Jan P2.2B surplus reverses yr-earlier, Dec deficits
THE Philippine national government wiped out its previous budget deficits and posted a P2.22-billion budget surplus in January, a turnaround traced by the Bureau of Treasury to improved revenue collection efforts amid prudent spending.
The January surplus reversed a deficit of P118.22 billion in December and P3.47 billion in January 2016, data from the Treasury bureau showed on Thursday.
Revenue for the month rose 10 percent year-on-year to P200.31 billion, while spending increased only 7 percent to P198.09 billion.
A private bank analyst said such an increase in spending fell short of expectations.
The government had set a cap on its budget deficit for 2017 at 3 percent of the country’s gross domestic product (GDP).
The Bureaus of Internal Revenue (BIR) and Customs (BoC) collected P147.39 billion and P35.94 billion, respectively, in January.

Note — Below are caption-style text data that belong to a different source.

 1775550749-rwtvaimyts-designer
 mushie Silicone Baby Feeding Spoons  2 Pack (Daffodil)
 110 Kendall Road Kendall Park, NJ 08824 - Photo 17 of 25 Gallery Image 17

At the BIR, collections increased on the back of higher taxpayer compliance and other reforms undertaken, such as the expansion of its Large Taxpayers Service.

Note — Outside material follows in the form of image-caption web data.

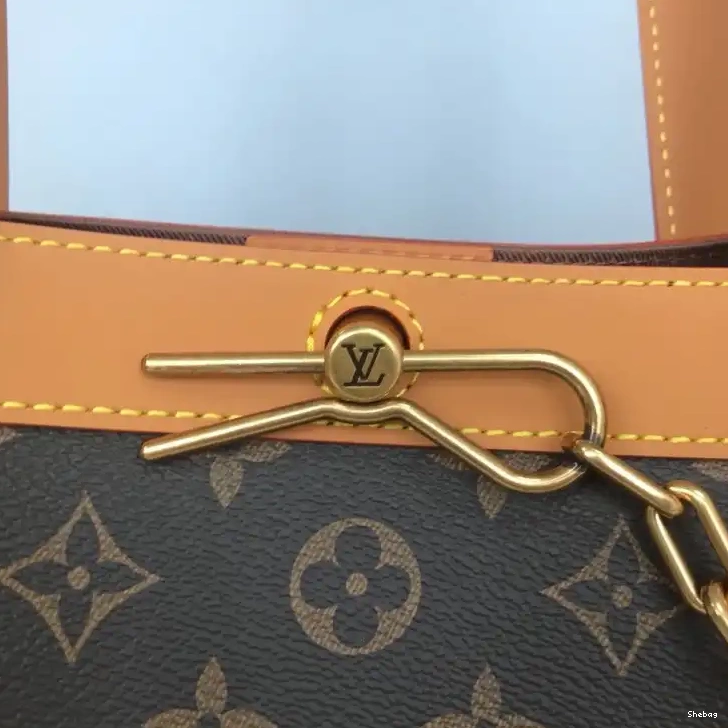 LV 19B57B0001 Bags 0820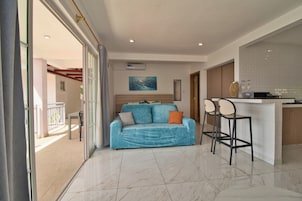 Suite estudio, mirando al mar | Zona de estar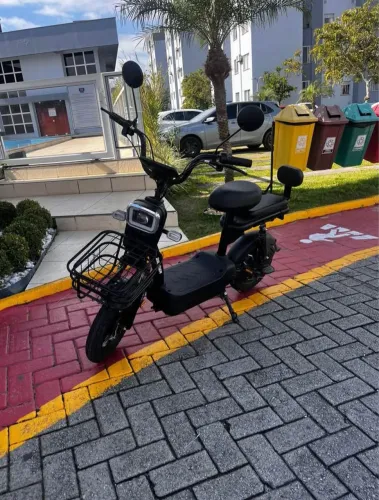 Bicicleta elétrica SEMI NOVA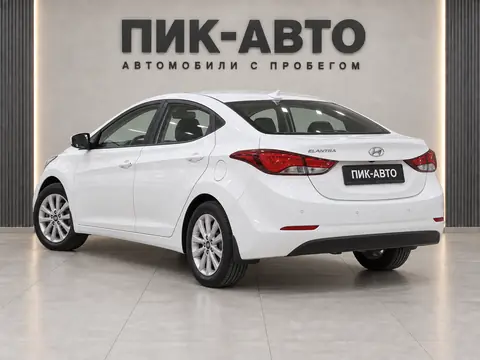 Hyundai Elantra 2014, вид сзади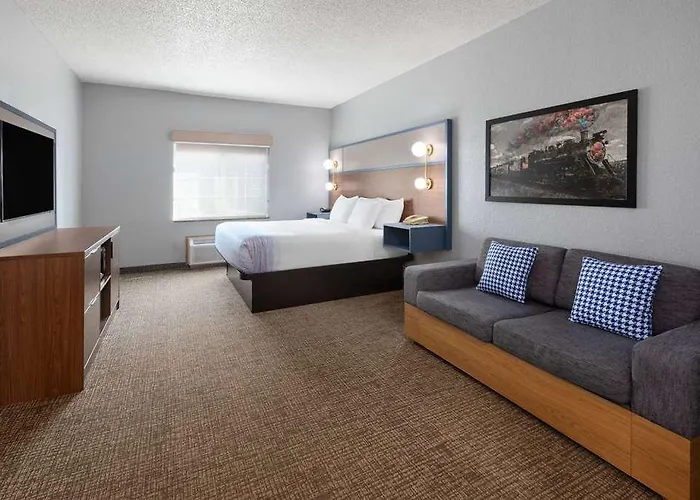Americinn Grinnell Ia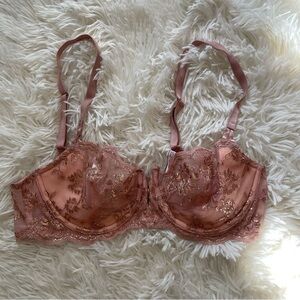 Victoria's Secret pink lace push up bra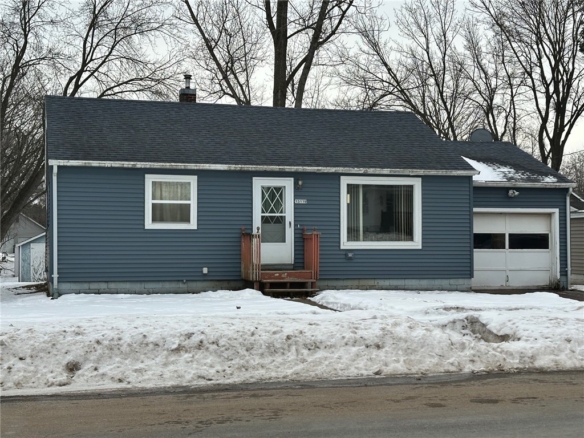 Residentialhouse for sale picture with an address of  13119 7th Street in Osseo and a list price of 185000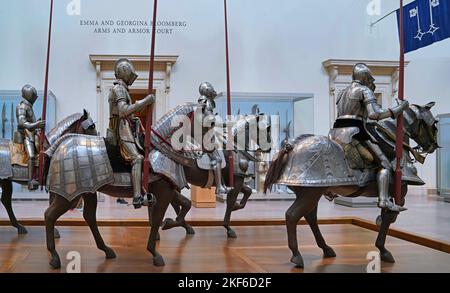 New York, NY - Oktober 2022: Die Rüstungssammlung des Metropolitan Museum of Art umfasst eine realistische Truppe von berittenen Rittern, mit Rüstung auf der Stockfoto
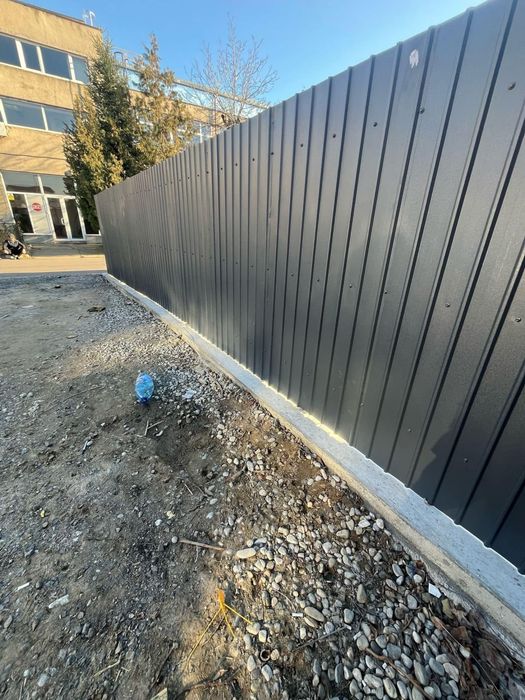 Garduri si porti din sipca metalica, panouri stil jaluzele, tabla cutata, plasa bordurata, fier forjat, BCA si beton si alte modele disponibile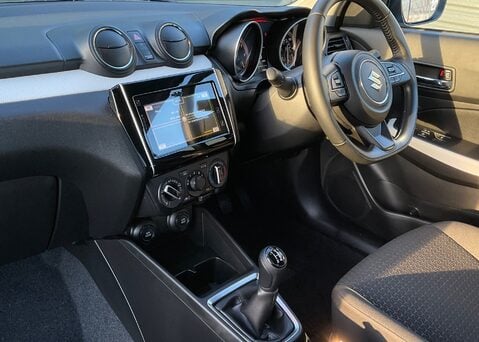 Suzuki Swift SZ-L DUALJET MHEV 14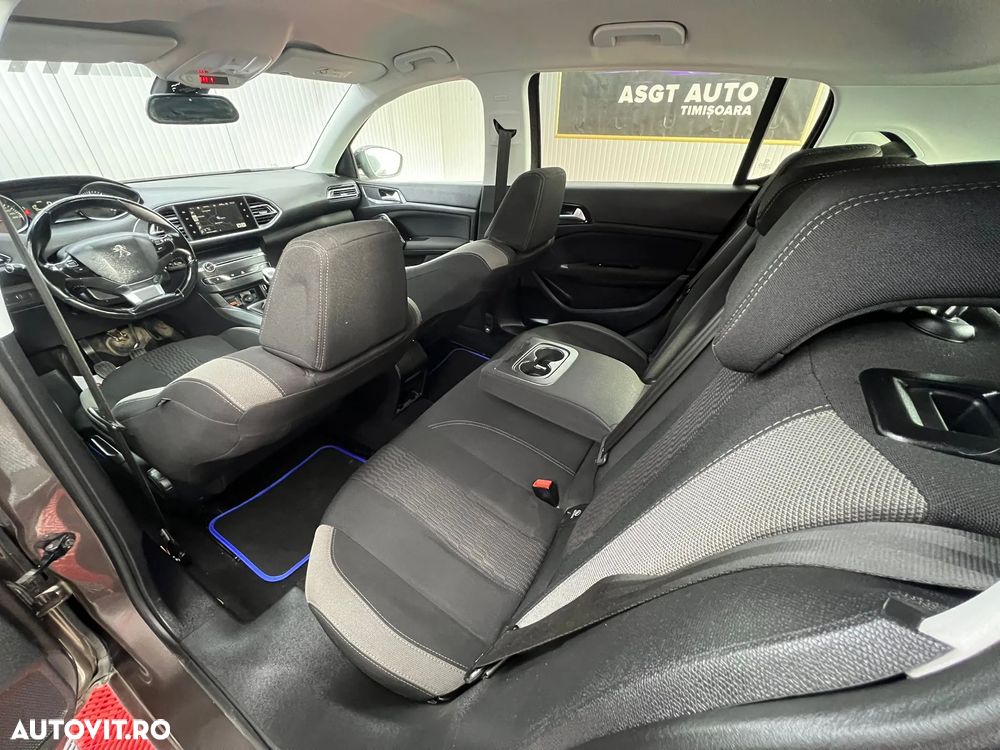 Peugeot 308 - 14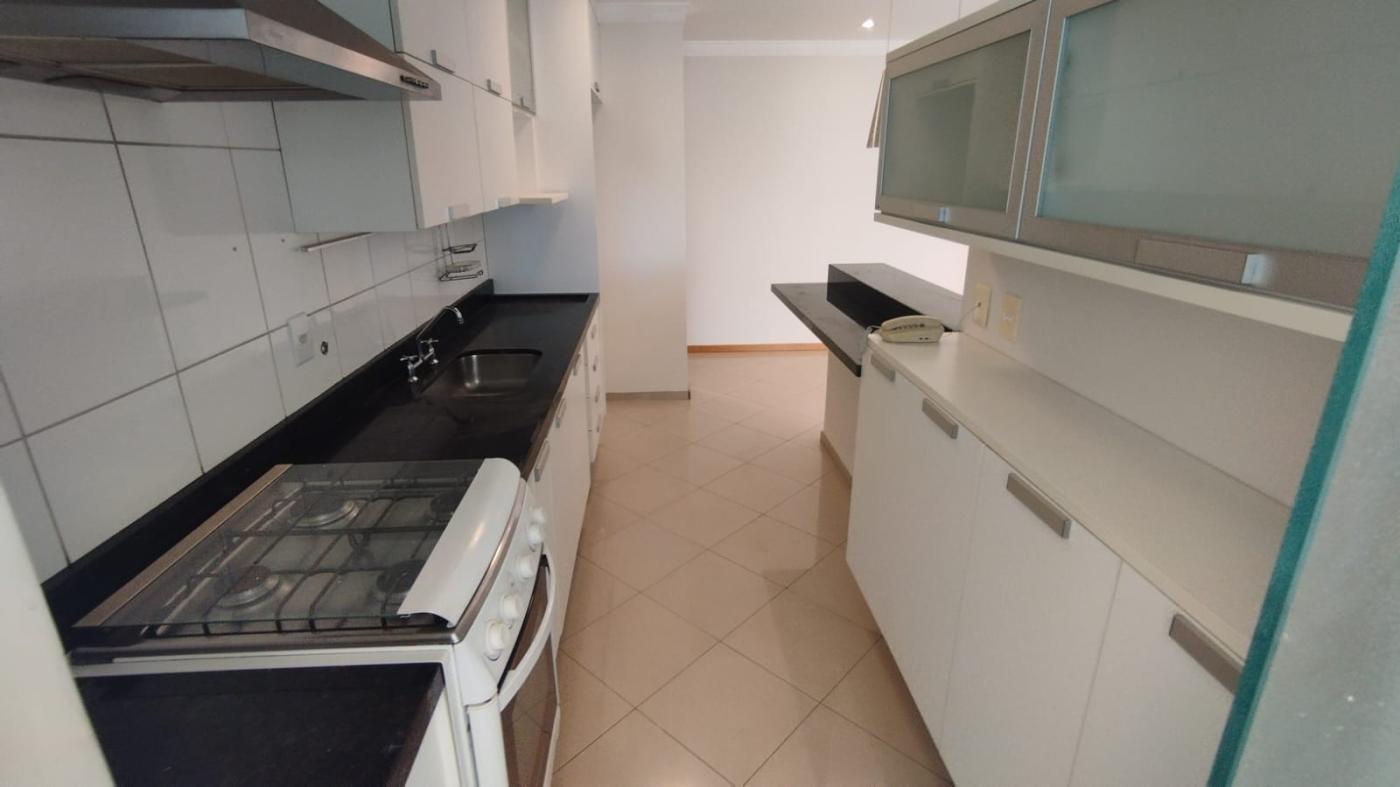 Apartamento à venda com 2 quartos, 90m² - Foto 13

The BoC, meanwhile, has started implementing sweeping reforms to improve collections.
Other offices, however, registered a 13-percent decline in collections to P1 billion from P1.16 billion previously.
Non-tax revenue contracted 21 percent to P15.97 billion from P20.33 billion. The Treasury bureau reported an income of P8 billion, up 1 percent from P7.93 billion, while revenue reported by other offices fell 36 percent to7.96 billion from P12.4 billion.

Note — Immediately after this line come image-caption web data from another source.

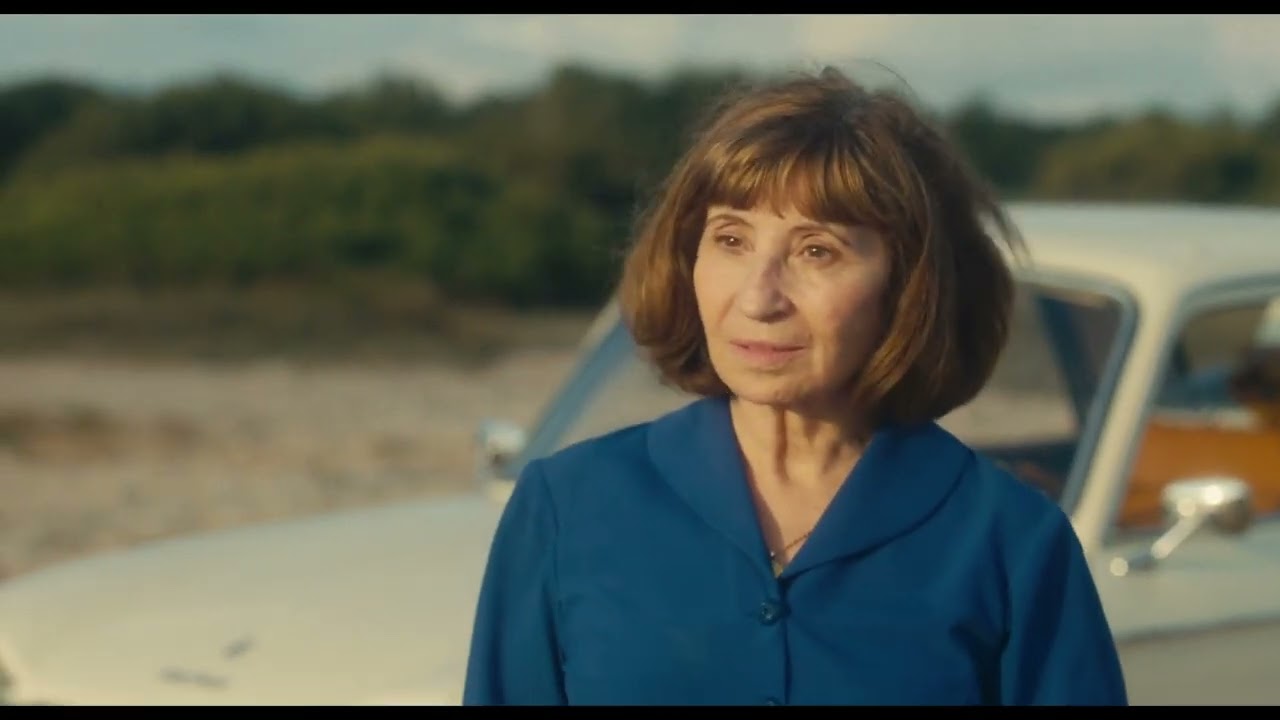 Miniature de la vidéo CHÈRE LOUISE du film Chère Louise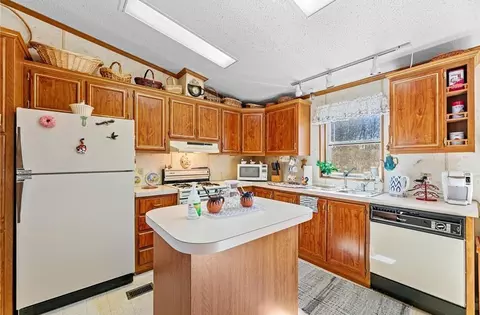 Kitchen - 18482 Captive Lake Rd, Garrison, MN 56450 photo 4 of 6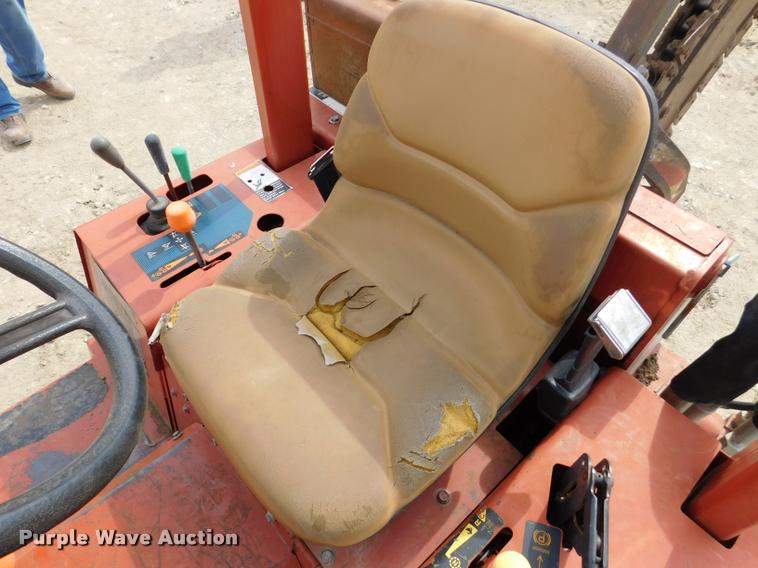 image for item DA6284 2001 Ditch Witch 3700 trencher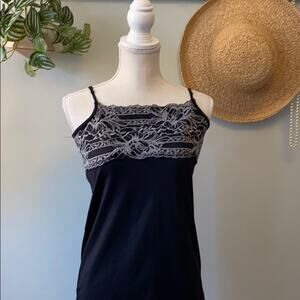 Boutique Essentials Black Camisole with White Lace Stitching Large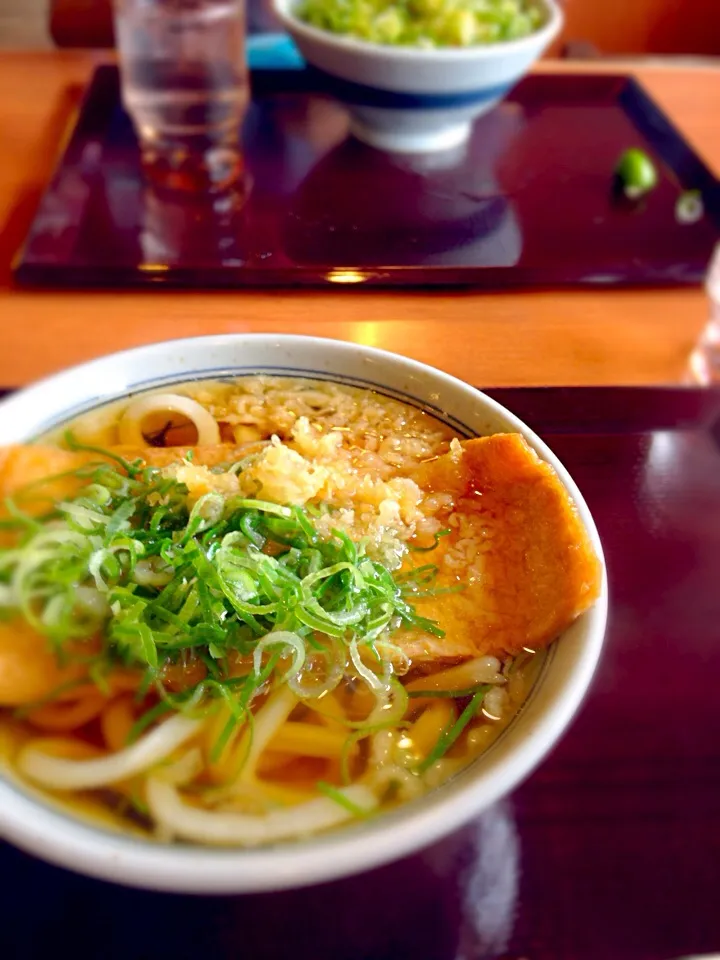 きつねうどん🍴|しのてらさん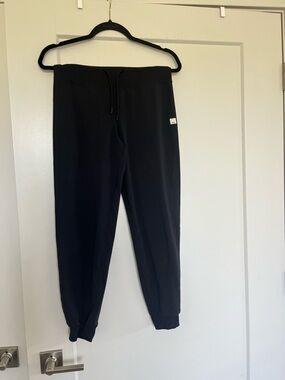 Vuori Black Jogger Leggings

“The minimal BTr income growth was made possible by the higher interest on advances to GOCCs [government-owned and -controlled corporations] well as a higher uptake of the share in PAGCOR [Philippine Amusement and Gaming Corp.] income. These compensated for the lower interest income earned on NG [national government]deposits lodged with the BSP [Bangko Sentral ng Pilipinas],” the bureau said.
“Strong growth from the two major revenue generating agencies of the NG ensured that the contraction was counterbalanced, leading to total revenue growth of 10 percent year-on-year,” it added.
In terms of government spending, only 21 percent of January expenditures went into interest payments (IP), reaching P42.25 billion, the Treasury said.
Net of interest payments, the budget yielded a P44.57 billion primary surplus in January, 6 percent wider than a surplus of P42.12 billion posted a year earlier, it added.
Spending below expectations
An economist with a foreign bank expressed disappointment over the level of government spending in January at only P198.09 billion.
The “January fiscal performance is a disappointment. We had expected that government headline and core spending would be faster than January 2016 growth,” ING Bank Manila senior economist Joey Cuyegkeng said.
Looking forward, the ING economist is optimistic about higher government spending in February and this month.
“An indication that government spending may have been accelerating is the surprise announcement of a three-year Retail Treasury Bond (RTB) issue (with the offer amount at P30 billion),” he said.
In past issues, RTBs were offered in the second half, were normally lumpy and substantially exceeded the offered amount, he explained.
“If the RTB issuance (with an offer period of 28 March to 6 April) is well received by the market and generates a substantial amount of financing, the future financing program or schedule could be cut,” he added.